Esos bordados son una real fiesta para la retina, el medio ideal para lograr la ilusiones de materia, de textura o de tacto que preocupan hoy a los artistas, pero van más allá de las sensaciones. El fin de la línea y del color no es una impersonal búsqueda de la belleza, ni la exaltación de una personalidad. Su fin es francamente religioso. El arte por el arte no era conocido de los obreros que elevaban catedrales. El vidrio y el metal, como las mismas piedras del edificio, eran siervos de la teología o, en términos populares, recordaban anécdotas de la vida de los santos, para edificación de los rudos creyentes. En nuestros días, cuando se habla de un arte de propaganda vemos puños cerrados y banderas rojas, olvidándonos de otra y más antigua propaganda plástica, henchida de cruces, de martirios y de milagros.

En un tiempo en el que es normal para el católico, por heroico que sea en su vida personal, creer que hay una especie de virtud en tener un gusto estético mediocre, la obra de Lola Cueto nos recuerda otros tiempos en que los católicos supieron ser también heroicos en cuestiones de estética. En los siglos XI y XII, en los que esos vitrales fueron ideados, el creyente tuvo que forjarse un idioma estético nunca visto que correspondiera a su devoción íntima y la expresara. Por supuesto, los artesanos de las catedrales conocían las grandes obras del pasado. Villard de Honnecourt, el gran arquitecto medieval, copia en su libro de apuntes estatuas griegas y los orfebres incrustan los marcos de sus madonas "primitivas" con camafeos romanos. Pero el arte antiguo, a pesar de su buen dibujo, de su correcta anatomía y de su apegamiento a la belleza física, no les parece adecuado para expresar sentimientos nunca experimentados por los paganos. Por ello, descartando una tradición comprobada por frutos espléndidos pero ya inservible, los artistas de la Edad Media prefirieron hacer arte moderno, entonces como siempre el único adecuado para decir nuevas verdades.

Lola Cueto ha sabido recapturar la intensidad de emoción que se esconde detrás del aparente desdibujo del siglo XI, cuando el artista descubría el poder emotivo que logra uno al torcer la línea de la nariz, al ahuecar una mejilla o al desfigurar un ojo, y se embriagaba al usar el color por su intensidad simbólica, plasmando santos sobre fondos de imposible ocaso, pintando carnes de todos los tonos, menos el carnoso. Entonces, como hoy, esto no era juego, sino búsqueda algo titubeante, algo balbuciente, como suele serlo siempre el itinerario del verdadero descubridor. Nos apiadamos del espectador que frente a esas obras, aunque concediéndoles frescura infantil, rehusará reconciliarse con el "mal" dibujo y el exuberante color.

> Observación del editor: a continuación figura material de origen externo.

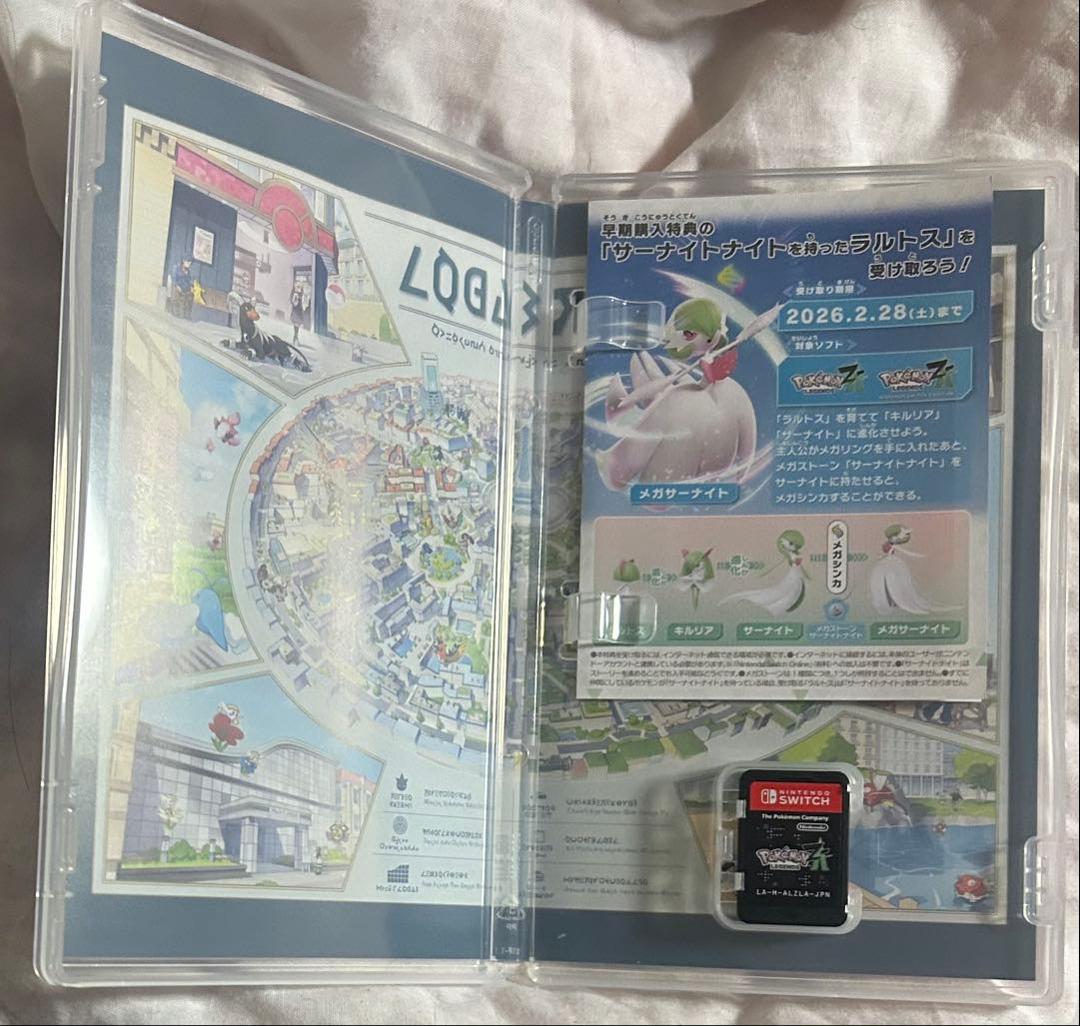 ポケモンZA/スカーレット/バイオレットポケットモンスターSV Switch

Durante milenios la Iglesia ha sabido entenderse con el arte y con el artista, protegiendo maternalmente la continua transformación del estilo para conformarse a cambios culturales. Dios ha sido igualmente bien servido por artistas en idiomas tan distintos como el bizantino, el de Chartres, el de Rafael, el de Cabrera y el Rouault. Solamente en nuestros días impera cierto espíritu timorato, que reniega de tal unidad dentro de la más rica diversidad y sueña con entronizar como único arte católico un arte mediocre, reflejo muerto de pasadas épocas. La presente exposición demuestra admirablemente, en su unión de novedad en la técnica y de antigüedad en sus modelos, que no hay tal decadencia en la vitalidad del arte católico, como lo infieren quienes pretenden encerrar todo arte religioso en la estrechez de un solo molde naturalista; y la pintura religiosa, cuyo papel es hacer visible lo invisible, es lo que menos puede atenerse a tal ideal.

Al lado de sus interpretaciones de vitrales, Lola Cueto nos ofrece, sin orgullo personalista, sino con una no fingida devoción, su propia obra, alabanza plástica en loa de Nuestra Señora de Guadalupe. En esta fiesta de la Virgen India, nos cabe, a nosotros los artistas, acoger con unción la enseñanza que nos da la milagrosa tilma de Juan Diego. La celestial estética de la santa imagen, en la pureza casi geométrica de sus líneas, en sus tan finos y puros matices, nos ofrece, y a la vez ilustra, un arte católico que poco tiene que ver con el realismo fotográfico y menos aún con las enseñanzas de las academias.